I’ve grown tired of stories about full-grown adults dissatisfied with their perfectly decent lives. There is no real plight in these stories. The characters are steeped in discontent, apathetically capitulating to personal growth, if they grow at all. There are so many more interesting stories in the world, about characters who give a damn.
It’s not all bad. There is an observational wit throughout that I appreciated. For example, when one of the characters lands in Florida to attend the wedding, Crosley writes:
“He was dubious of his environs. Florida – rather, the stretch of it he had witnessed from the airport: causeways and condominiums, Sunrise Liquor and Sunset Dental, bank branches surrounded by menacing palmetto plants – was trying to trick him into thinking it was a real place”.

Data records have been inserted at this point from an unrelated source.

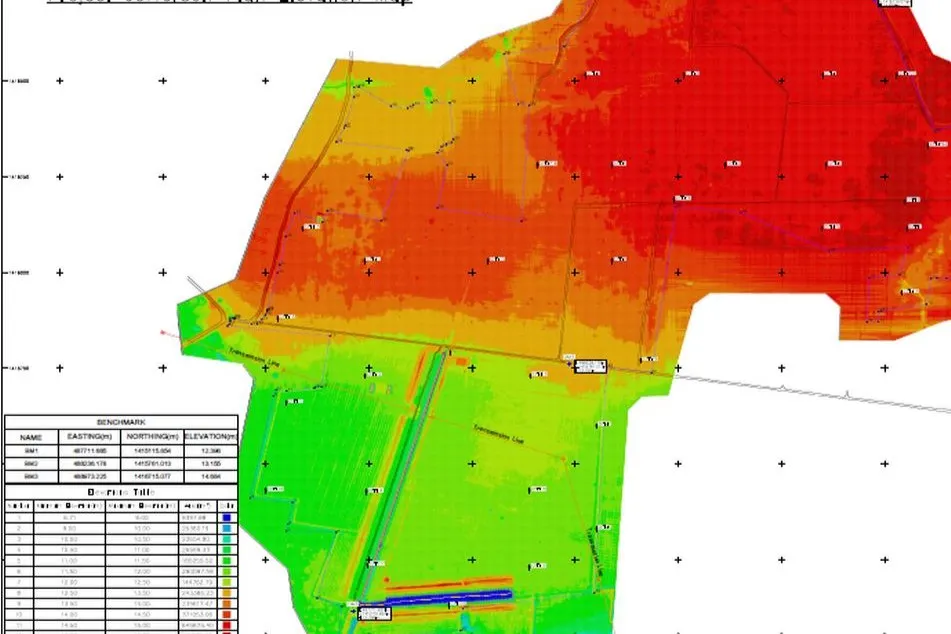 Jefferson Project – Solar Farm Feasibility Studies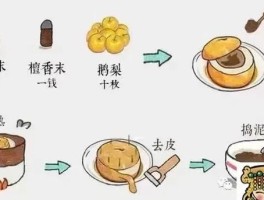 鳄梨香的功效与作用(鳄梨香的功效与作用是什么)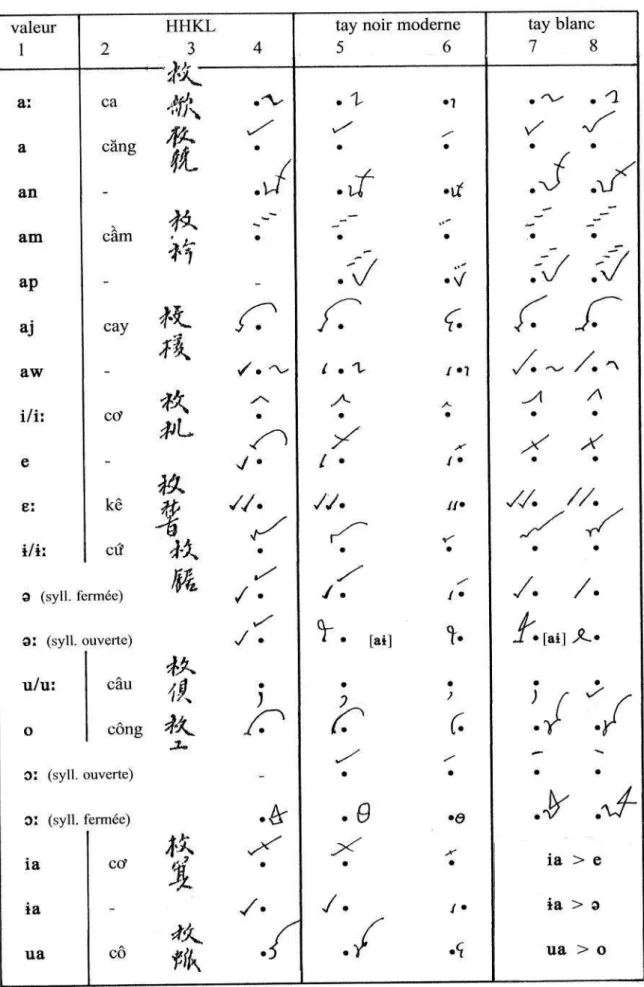 Tableau 2r l-es symboles vocaliqùes valeur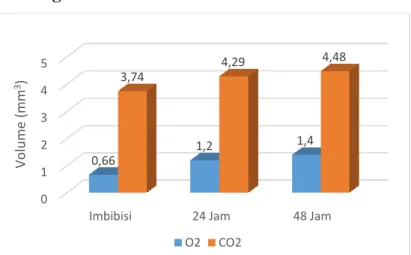 Grafik 1  Data volume oksigen dan karondioksida dalam respirasi 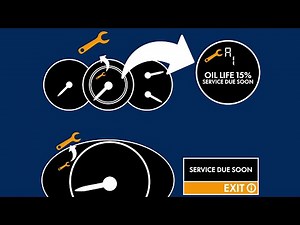 Acura Maintenance Minder Explained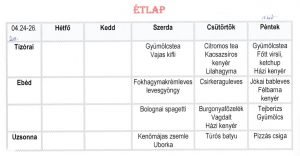 normál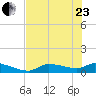 Homosassa Bay tide chart for Saturday, May 23, 2026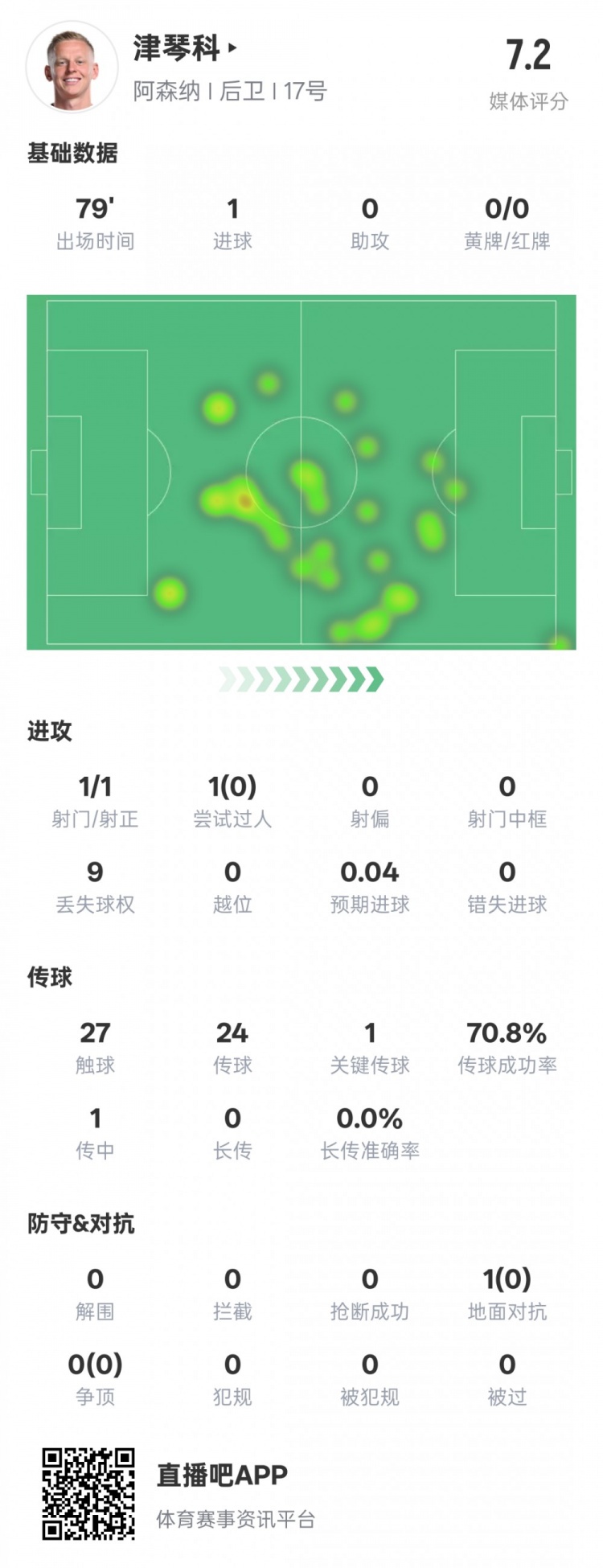  津琴科本場數(shù)據(jù)：1射正1進(jìn)球1關(guān)鍵傳球，評分7.2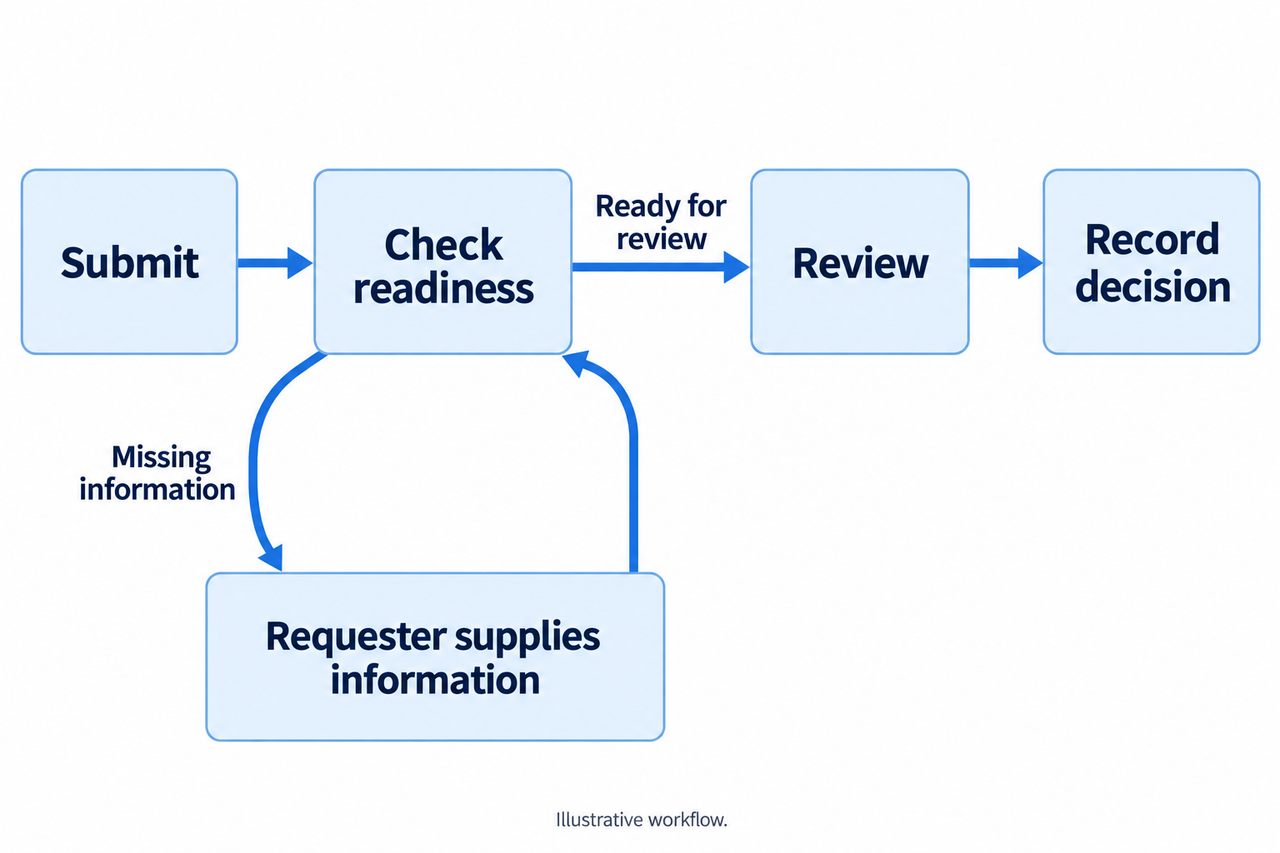 Incomplete finance requests return to the requester for missing information before readiness is checked again and review begins.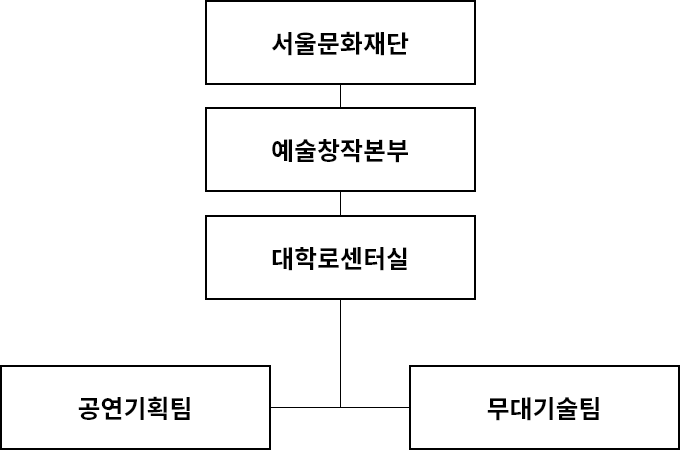 조직구성 이미지입니다. 세부 안내는 아래 참고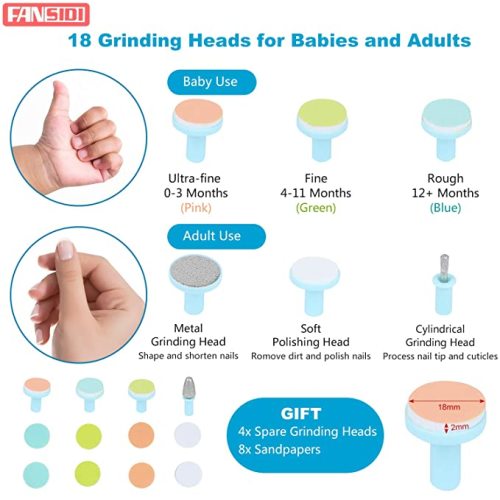 Baby Nail Trimmer, FANSIDI Electric Baby Nail File Safe Clippers with 10 Grinding Pads 8 Sandpapers LED Light, Trim Polish Grooming Kit for Newborn Infant Toddler or Adults Toes Fingernails Care, Blue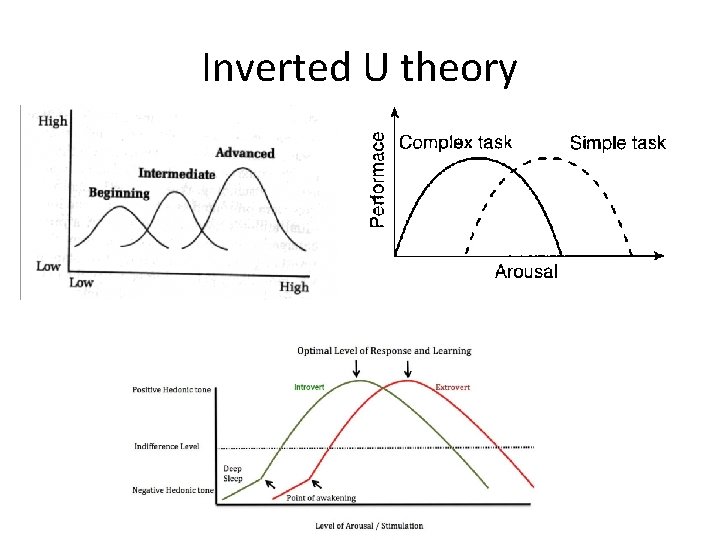 Inverted U theory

I’ve been to Florida in all its surreal glory. If you ask me, that’s a pretty spot-on description. Much later in the story, the character, Nathaniel, observes the differences between L.A. and Paris:
“If Los Angeles, with its youthful obsessions, made life feel like death, then Paris made death feel like life”.
These little witticisms kept me reading. I wanted to like the book, as much as I suspect I might like the author. Crosley is adept at describing places with punchline-y pith.
The book also picked up a bit towards the end. When the characters end up in France, a little more action kicks in, and propels the story forward. Arguably, the characters undergo a modicum of personal growth before the book concludes. I still found them tedious, but less so than in the beginning.
Reviews are a curious business. They are subjective; hopefully (but not necessarily) educated opinions. I try to remain somewhat objective when writing reviews – providing supporting arguments, based on the text in question, to back up my assessment of a book. I want every book to get a fighting chance at finding its audience. While reading this book, and especially while writing this review, I wondered – did I read impartially?
It’s well-known among readers that after a love affair with one book, it’s quite challenging to derive satisfaction from a new book. Rebound books are needed. The last book I read made me indelibly happy. Perhaps I needed a little time before picking up my next book. Likewise, did I compare this book too closely to the aforementioned Netflix show? Did my feelings about The Clasp suffer from my comparison to a show with a slightly similar premise? I don’t know.
I can offer only this – in all likelihood my enjoyment of this book was partially inhibited by external factors. However, I stand by my assessment that immature, discontent, adult characters halfheartedly “finding themselves” is a tiresome recurrence in literature. Crosley is a skilled writer. Personally, I connected more with her narrative tone than I did with the story itself.